« Ce qui se passe aujourd’hui n’est pas une surprise. J’y vois l’exacte répétition du mouvement contre le contrat d’insertion professionnelle (CIP) d’Édouard Balladur en 1994. Les étudiants ne voulaient pas alors du « smic jeunes ». Ils disent non au CPE dans les mêmes termes. La précarité est devenue au fil des années le mode d’entrée ordinaire dans le monde du travail. Avec le CPE, une étape supplémentaire est franchie car ce nouveau contrat reconnaît officiellement une précarité qui s’est déjà installée dans la pratique ». Dans La Croix, Michel Fize, Georges Felouzis et Bernard Roudet analysent le mouvement anti-CPE.
Selon Michel Fize, « Les jeunes sont plus sensibles à la flexibilité.
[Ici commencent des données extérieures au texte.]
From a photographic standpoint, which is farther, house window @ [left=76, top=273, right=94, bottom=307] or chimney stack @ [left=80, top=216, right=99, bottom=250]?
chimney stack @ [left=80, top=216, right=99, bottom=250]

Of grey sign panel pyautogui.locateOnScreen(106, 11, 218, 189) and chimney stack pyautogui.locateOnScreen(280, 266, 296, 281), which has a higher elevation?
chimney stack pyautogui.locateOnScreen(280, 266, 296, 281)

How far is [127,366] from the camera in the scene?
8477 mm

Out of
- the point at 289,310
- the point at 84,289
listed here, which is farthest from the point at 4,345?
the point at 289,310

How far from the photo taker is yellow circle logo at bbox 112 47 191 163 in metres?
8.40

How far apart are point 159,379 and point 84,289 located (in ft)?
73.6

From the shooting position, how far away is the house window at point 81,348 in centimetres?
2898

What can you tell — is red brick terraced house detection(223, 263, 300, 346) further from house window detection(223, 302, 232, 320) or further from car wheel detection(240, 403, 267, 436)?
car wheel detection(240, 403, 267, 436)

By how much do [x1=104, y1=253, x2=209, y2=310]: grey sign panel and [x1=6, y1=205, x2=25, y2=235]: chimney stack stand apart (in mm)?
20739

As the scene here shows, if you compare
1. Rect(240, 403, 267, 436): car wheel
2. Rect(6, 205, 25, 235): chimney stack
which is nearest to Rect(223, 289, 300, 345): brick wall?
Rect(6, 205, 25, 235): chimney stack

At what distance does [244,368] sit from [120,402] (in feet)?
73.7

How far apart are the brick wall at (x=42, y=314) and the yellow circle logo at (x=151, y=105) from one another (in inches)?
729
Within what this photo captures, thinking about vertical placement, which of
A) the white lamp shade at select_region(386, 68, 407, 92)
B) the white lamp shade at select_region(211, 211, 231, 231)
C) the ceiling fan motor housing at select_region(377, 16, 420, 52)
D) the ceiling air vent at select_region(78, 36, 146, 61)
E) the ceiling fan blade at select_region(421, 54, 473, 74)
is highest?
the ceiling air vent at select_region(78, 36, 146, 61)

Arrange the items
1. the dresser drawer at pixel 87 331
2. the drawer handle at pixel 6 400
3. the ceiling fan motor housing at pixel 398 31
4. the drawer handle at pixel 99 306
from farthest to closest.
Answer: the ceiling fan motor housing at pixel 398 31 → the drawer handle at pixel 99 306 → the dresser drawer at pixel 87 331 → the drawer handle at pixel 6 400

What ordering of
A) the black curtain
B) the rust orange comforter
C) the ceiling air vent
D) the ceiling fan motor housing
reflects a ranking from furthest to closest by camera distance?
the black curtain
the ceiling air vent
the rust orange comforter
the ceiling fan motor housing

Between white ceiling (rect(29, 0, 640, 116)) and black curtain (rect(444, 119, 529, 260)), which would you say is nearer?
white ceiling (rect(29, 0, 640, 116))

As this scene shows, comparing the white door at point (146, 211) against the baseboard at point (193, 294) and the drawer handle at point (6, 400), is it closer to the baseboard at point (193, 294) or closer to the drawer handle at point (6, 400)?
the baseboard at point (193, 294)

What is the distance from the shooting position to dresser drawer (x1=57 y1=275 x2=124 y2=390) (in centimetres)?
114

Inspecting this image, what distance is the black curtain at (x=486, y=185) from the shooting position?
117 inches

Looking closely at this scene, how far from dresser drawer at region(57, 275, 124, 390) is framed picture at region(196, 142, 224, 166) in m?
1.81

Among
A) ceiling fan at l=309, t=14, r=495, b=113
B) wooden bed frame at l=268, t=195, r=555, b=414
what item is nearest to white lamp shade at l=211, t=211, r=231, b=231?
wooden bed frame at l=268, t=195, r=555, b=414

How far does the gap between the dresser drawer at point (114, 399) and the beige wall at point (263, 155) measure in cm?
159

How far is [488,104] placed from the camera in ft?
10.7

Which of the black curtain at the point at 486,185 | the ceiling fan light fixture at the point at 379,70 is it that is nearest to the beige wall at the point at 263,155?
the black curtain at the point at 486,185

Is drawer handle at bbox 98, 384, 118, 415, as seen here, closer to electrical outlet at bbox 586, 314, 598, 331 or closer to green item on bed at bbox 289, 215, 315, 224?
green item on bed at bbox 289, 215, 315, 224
Ils n’envisagent pas d’exercer toute leur vie le même emploi dans la même entreprise. Mais il ne faut pas confondre cette flexibilité admise avec la précarité ».
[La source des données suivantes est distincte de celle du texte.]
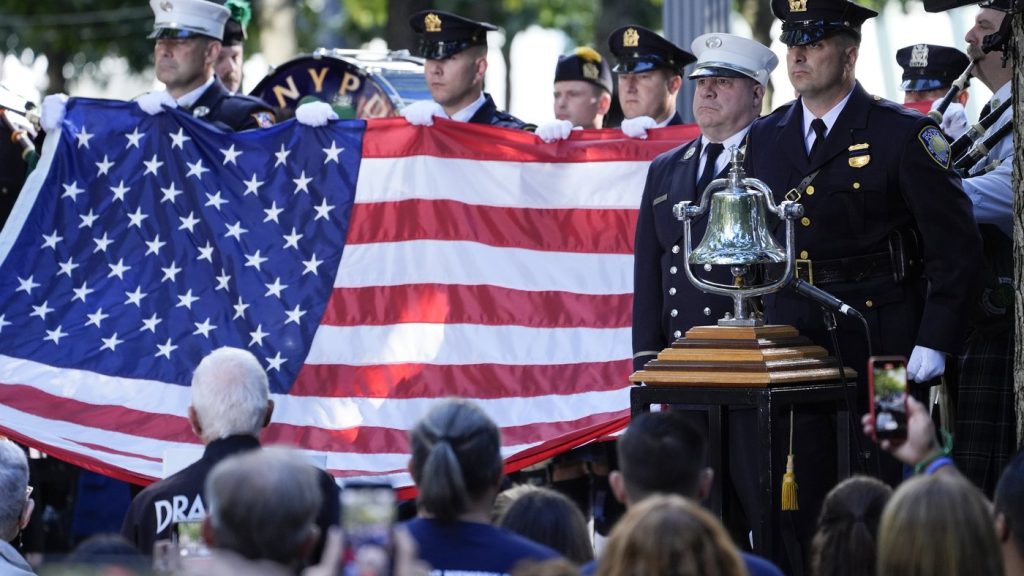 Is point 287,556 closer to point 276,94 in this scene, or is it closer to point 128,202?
point 128,202

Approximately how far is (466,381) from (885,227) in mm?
2424

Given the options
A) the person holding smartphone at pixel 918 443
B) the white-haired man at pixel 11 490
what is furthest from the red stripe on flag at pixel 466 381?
the person holding smartphone at pixel 918 443

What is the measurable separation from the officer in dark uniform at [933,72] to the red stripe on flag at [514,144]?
4.64 feet

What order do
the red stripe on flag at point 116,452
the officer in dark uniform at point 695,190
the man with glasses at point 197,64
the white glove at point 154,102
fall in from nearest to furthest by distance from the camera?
the officer in dark uniform at point 695,190 < the red stripe on flag at point 116,452 < the white glove at point 154,102 < the man with glasses at point 197,64

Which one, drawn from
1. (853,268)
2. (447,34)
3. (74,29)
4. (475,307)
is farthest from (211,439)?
(74,29)

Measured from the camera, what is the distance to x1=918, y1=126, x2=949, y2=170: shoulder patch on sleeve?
19.7 feet

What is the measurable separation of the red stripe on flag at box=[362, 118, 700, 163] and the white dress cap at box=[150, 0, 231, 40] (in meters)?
1.35

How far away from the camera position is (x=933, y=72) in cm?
876

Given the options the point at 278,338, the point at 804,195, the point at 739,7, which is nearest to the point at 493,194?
the point at 278,338

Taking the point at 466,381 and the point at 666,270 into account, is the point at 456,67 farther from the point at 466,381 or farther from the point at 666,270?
the point at 666,270

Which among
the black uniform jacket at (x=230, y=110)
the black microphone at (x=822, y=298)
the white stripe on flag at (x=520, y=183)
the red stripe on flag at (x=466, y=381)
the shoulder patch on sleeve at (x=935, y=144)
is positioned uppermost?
the black uniform jacket at (x=230, y=110)

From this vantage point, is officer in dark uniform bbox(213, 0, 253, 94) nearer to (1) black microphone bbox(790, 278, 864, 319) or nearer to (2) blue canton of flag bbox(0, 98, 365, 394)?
(2) blue canton of flag bbox(0, 98, 365, 394)

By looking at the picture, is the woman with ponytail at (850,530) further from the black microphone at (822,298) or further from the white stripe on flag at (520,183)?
the white stripe on flag at (520,183)

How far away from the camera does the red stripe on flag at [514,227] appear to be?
8062mm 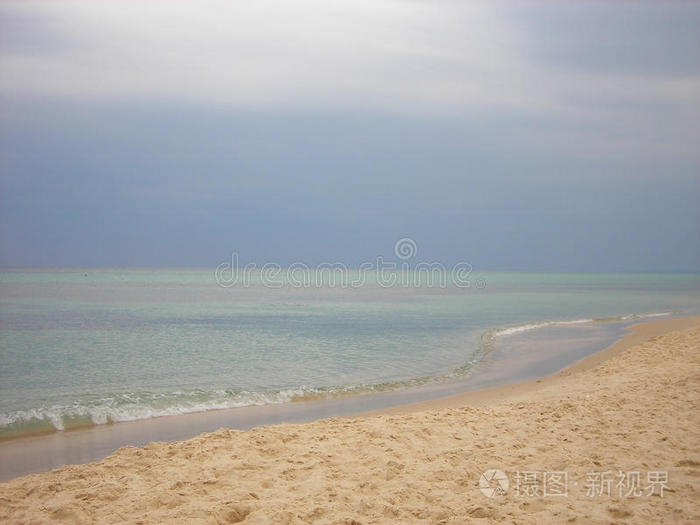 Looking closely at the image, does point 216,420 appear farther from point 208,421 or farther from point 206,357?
point 206,357

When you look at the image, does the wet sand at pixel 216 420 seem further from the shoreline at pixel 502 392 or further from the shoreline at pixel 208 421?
the shoreline at pixel 502 392

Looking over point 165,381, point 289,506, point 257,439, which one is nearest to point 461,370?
point 165,381

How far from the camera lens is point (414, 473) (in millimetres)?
5590

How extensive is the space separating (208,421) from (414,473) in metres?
5.32

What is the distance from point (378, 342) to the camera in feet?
64.1

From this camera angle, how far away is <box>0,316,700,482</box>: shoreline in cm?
772

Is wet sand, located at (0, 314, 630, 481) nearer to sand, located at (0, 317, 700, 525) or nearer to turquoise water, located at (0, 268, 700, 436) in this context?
turquoise water, located at (0, 268, 700, 436)

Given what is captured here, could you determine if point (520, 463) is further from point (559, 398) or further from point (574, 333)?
point (574, 333)

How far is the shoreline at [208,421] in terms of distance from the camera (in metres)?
7.72

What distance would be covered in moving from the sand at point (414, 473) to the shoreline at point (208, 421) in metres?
1.40

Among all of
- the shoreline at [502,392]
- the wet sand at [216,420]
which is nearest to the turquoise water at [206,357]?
the wet sand at [216,420]

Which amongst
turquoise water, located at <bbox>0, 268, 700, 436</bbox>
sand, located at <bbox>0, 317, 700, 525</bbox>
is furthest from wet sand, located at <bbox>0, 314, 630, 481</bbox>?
sand, located at <bbox>0, 317, 700, 525</bbox>

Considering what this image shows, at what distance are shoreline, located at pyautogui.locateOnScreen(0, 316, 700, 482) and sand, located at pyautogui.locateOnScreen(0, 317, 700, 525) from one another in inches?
55.2

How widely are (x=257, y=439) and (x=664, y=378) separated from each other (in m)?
7.28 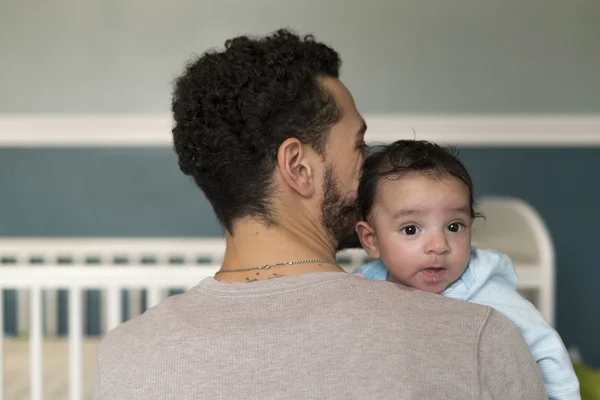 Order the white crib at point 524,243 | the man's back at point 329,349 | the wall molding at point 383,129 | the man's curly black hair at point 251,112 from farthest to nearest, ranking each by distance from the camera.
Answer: the wall molding at point 383,129 < the white crib at point 524,243 < the man's curly black hair at point 251,112 < the man's back at point 329,349

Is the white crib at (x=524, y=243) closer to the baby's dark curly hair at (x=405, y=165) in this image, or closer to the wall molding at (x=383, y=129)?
the wall molding at (x=383, y=129)

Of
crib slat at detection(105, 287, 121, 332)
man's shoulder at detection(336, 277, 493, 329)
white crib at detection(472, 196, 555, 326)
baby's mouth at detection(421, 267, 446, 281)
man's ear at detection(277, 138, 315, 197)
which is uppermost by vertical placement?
man's ear at detection(277, 138, 315, 197)

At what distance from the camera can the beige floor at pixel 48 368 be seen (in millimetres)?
1932

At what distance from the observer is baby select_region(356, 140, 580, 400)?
1.09 metres

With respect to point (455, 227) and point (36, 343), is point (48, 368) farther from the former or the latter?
point (455, 227)

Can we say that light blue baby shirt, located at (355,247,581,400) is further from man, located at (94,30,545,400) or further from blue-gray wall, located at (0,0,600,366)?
blue-gray wall, located at (0,0,600,366)

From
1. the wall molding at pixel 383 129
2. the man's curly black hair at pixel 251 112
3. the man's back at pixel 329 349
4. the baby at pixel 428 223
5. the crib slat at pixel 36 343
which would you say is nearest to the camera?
the man's back at pixel 329 349

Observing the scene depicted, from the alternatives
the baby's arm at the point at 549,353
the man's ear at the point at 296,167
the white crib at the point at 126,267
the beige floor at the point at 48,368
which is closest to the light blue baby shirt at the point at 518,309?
the baby's arm at the point at 549,353

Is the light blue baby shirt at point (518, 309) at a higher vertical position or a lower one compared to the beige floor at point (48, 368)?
higher

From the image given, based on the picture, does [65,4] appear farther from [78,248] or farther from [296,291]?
[296,291]

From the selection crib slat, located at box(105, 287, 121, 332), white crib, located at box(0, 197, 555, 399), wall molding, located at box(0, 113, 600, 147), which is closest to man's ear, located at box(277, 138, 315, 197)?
white crib, located at box(0, 197, 555, 399)

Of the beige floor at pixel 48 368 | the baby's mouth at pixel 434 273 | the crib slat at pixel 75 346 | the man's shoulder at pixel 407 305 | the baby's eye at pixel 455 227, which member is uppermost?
the baby's eye at pixel 455 227

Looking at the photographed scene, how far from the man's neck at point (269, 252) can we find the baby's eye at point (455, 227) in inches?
8.0

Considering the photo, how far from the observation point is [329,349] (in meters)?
0.84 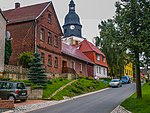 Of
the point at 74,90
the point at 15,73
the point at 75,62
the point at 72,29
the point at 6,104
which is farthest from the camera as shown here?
the point at 72,29

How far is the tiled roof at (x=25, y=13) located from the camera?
37.2 meters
Pour Georges Felouzis « la jeunesse est fragmentée. D’un côté, on trouve celle des universités, potentiellement diplômée, qui lutte actuellement contre le CPE. Ces étudiants bénéficient d’une visibilité sociale, ils ont une capacité collective à s’organiser et à se faire entendre. De l’autre, et notamment dans les cités, vit une jeunesse plus précaire, faiblement diplômée, qui éprouve de grandes difficultés à accéder à l’emploi… Le mouvement contre le contrat première embauche n’est pas plus fédérateur que ne le fut la crise des banlieues. D’autant que ces deux jeunesses ont des intérêts divergents sur la question ».
Bernard Roudet évoque un retour de l’engagement : « leur système de valeurs est plus hétérogène et leur engagement prend des formes différentes. Ce n’est plus un engagement à long terme fondé sur la défense d’un idéal. Il est plus ponctuel, plus axé sur un projet particulier, et prend une forme essentiellement protestataire avec une recherche d’efficacité immédiate. On l’observe depuis 1986. Ce type de mouvement resurgit régulièrement, tous les trois ou quatre ans, ces dernières années avec les manifestations contre Le Pen en 2002 ou plus récemment, contre la réforme du bac ».